Naiane Nara ergueu sua taça e disse de modo solene: “Declaro iniciada a reunião do Clube dos Cinco. Espero que apreciem a minha história”.
Enquanto Ela Dormia
Naiane Nara
*conto inspirado no quadro O Pesadelo de Henry Fuseli
Preciso
me conter para poder assistir o maravilhoso espetáculo. Seu corpo em deliciosa
negligência me tenta de mil maneiras diferentes, mas me mantenho parado a
observar. Cada ocasião faz ser diferente, cada vez é sempre como se fosse a
primeira.
Suspiro,
tentando conter um arquejo de satisfação. Sua pele é tão linda e aconchegante.
Sempre escolhe as posições mais engraçadas do mundo para dormir e ainda assim
permanece encantadora. Como isso é possível?
Hoje
está com as pernas em formato de quatro, um braço embaixo do travesseiro e o
outro em um estranho ângulo, dobrado em si mesmo. Sorri levemente e meu coração
se derrete de novo, como na primeira vez em que nos encontramos, você lembra?
A
praia ganhava tons de vermelho róseo naquele entardecer. Eu estava deitado na
areia observando o céu, quando me sentei para poder apreciar o vinho que havia
trazido e voilá: meus olhos pousaram em você e nunca mais fui o mesmo.
Você
encarava o horizonte com ternura e sua pele morena estava dourada pelo Sol que
ousou te tocar. Quando finalmente me olhou de volta decidi que ninguém mais
voltaria a te tocar, você era minha.
Mas
amor, penso tanto nas coisas que não diz. Nos silêncios prolongados no meio da
noite, nas vezes em que seu sorriso lindo não chega aos olhos. Pensará acaso
que estar unida a mim te priva dos prazeres de estar com outras pessoas?
Não
te dou motivos para isso, minha princesa. Você é a divindade do meu templo e te
protegerei da profanação do toque dos outros, até mesmo dos olhares. Ah, como
os olhares incomodam, queimam, ardem como brasa. No início, você os rejeitava,
hoje já não tenho tanta certeza…
Amor,
pensa em estar com outros homens? Pensa naqueles amigos que em suas palavras
são apenas amigos, mas que talvez em sua mente sejam algo mais? Eles com
certeza pensam em muito mais. Você é linda demais para pertencer a um único
homem. Linda demais para que o homem que te tenha não viva o inferno a todos os
minutos por medo de te perder para os outros.
Não
posso me descontrolar, sinto repulsa pelo que se move dentro de mim ao sabor
desses pensamentos. Vou te admirar na adoração do silêncio desta madrugada, vou
rir das posições engraçadas que se coloca ao dormir e te despertarei com um
beijo doce e suas frutas prediletas ao primeiro sinal da manhã.
Suas
mãozinhas sinuosas se juntam e se aninham em seu peito, bem perto do coração.

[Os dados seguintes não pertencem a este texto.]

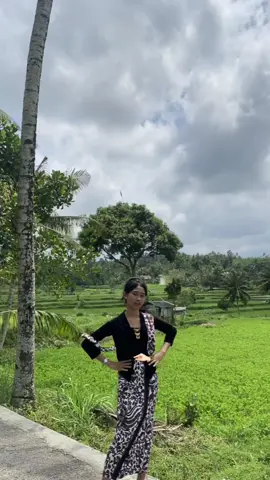 #foryoupage #4u #cewelombok #lomboktiktok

Seus lábios ensaiam novamente um início de sorriso; é tão inocente a expressão
do seu rosto! Como eu poderia duvidar, meu bem, de que é minha e quer estar
apenas comigo? Te manterei a salvo dos homens desse mundo podre e de seus
desejos sujos, pode ficar tranquila.
Gostaria
de ter filhos com você. Com certeza seriam deslumbrantes as nossas crianças…
Mas a minha condição física não permite. E se não é possível que eu seja o pai
dos seus filhos, não será mãe enquanto respirar, o que é realmente algo a se
lamentar. O mundo precisa dos seus genes, da sua beleza, do seu calor.
Mas
você é minha, e só irá onde eu for, não é mesmo, meu grandioso amor?
Seus
longos cabelos se espalham deliciosamente pelos lençóis. Não me contenho e me
aproximo para sentir melhor o seu perfume. Quero tocá-la e fazer com que seja
minha mais uma vez, mas te despertar de seu sono me parece um sacrilégio sem
fim.
Todavia,
sua boca se move em um sussurro e escuto o que jamais desejaria. Por que seu
cheiro teve que ser tentador ao ponto de querer me aproximar? Se estivesse só
te admirando longe, talvez não tivesse ouvido. A quem estou tentando enganar?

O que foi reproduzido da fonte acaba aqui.